When someone says to me, “she is on their own path,” meaning, that if she crashes and burns, and even causes her own death, that is her path. It is an insensitive, ignorant, and unconscionable way of thinking. Especially when we can clearly see the chaos and destruction that she has already caused and endured, and is about to endure, some of which may be catastrophic. Destruction that evades her comprehension due to a severe chronic and progressive brain disorder.
We are all connected as we journey through life, and I for one, will step onto the path of a loved one to steer her away from the oncoming flow of destruction.
Isn’t that what love is? And empathy? We must put ourselves in the mindset of another to understand their feelings and emotions, and take an action step, especially when their perception is skewed from reality. Not one and done…over and over and over.
It is up to me to step onto her path, to cross her path, take the wheel with God’s grace, and redirect her. After all, I know her journey. I used to be her. I have the unique perspective of knowing both sides of this life threatening situation. Severe substance use disorder and mental illness induced by prescription drugs, and now for nearly 12 years, wellness in recovery.
It is not her own path. And she is never alone.
When she can’t see clearly, I have to be her eyes, get behind the wheel asking for God‘s grace and direction, and gently reroute her onto the road less traveled where peace and wellness is restored.
The road is long, with many twists and turns, fender benders and even serious accidents that have plagued this victim of a severe brain disorder…but I have hope.
There will come a time when she recognizes the potential catastrophic outcome and will be “sick and tired of being sick and tired.” You cannot run from yourself. You cannot run from this brain disease. And right now, she is drowning in a puddle of delusion.

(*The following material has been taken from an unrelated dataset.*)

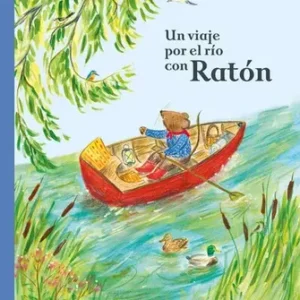 Un viaje por el río con Ratón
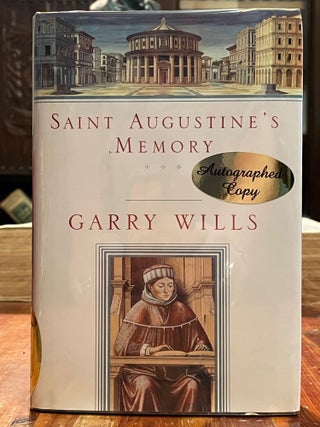 Item #4272 Saint Augustine's Memory. Garry WILLS, SIGNED, ASSOCIATION COPY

I am deeply heartbroken and at the same time, I just know that God has been preparing me to embrace her and guide her once she is ready. I just know that God is always creating meaningful circumstances as profound lessons for me never to be forgotten in order to serve others who are lost and unwell with this brain disease. Especially my child.
She has been missing for 3 months, but she is not lost in my heart and mind.
I ask Him to show me how to help her. I ask Him to keep her safe and alive. I ask Him to let me know when it is time to step out onto her path, stop her in her tracks, and get behind the wheel. I ask Him to show me how to intervene with courage, love, empathy and meaning that she will understand.
That journey began last night. I am exhausted but filled with God’s energy.
To be continued…
SHE IS MY DAUGHTER.
#prayfornicole

A mother’s love can endure any storm that comes in the path of her children. Regardless of their age. Never will a mother as strong and determined as you will ever give up. I pray to God every day to please whisper in her ear, that she is needed and loved. Go home and let your loved ones guide you to the help that you so desperately need. With Gods grace may she hear the words. Amen 🙏🏻
Thank you for this gorgeous, heartfelt and loving sentiment. I appreciate so much your support and prayers.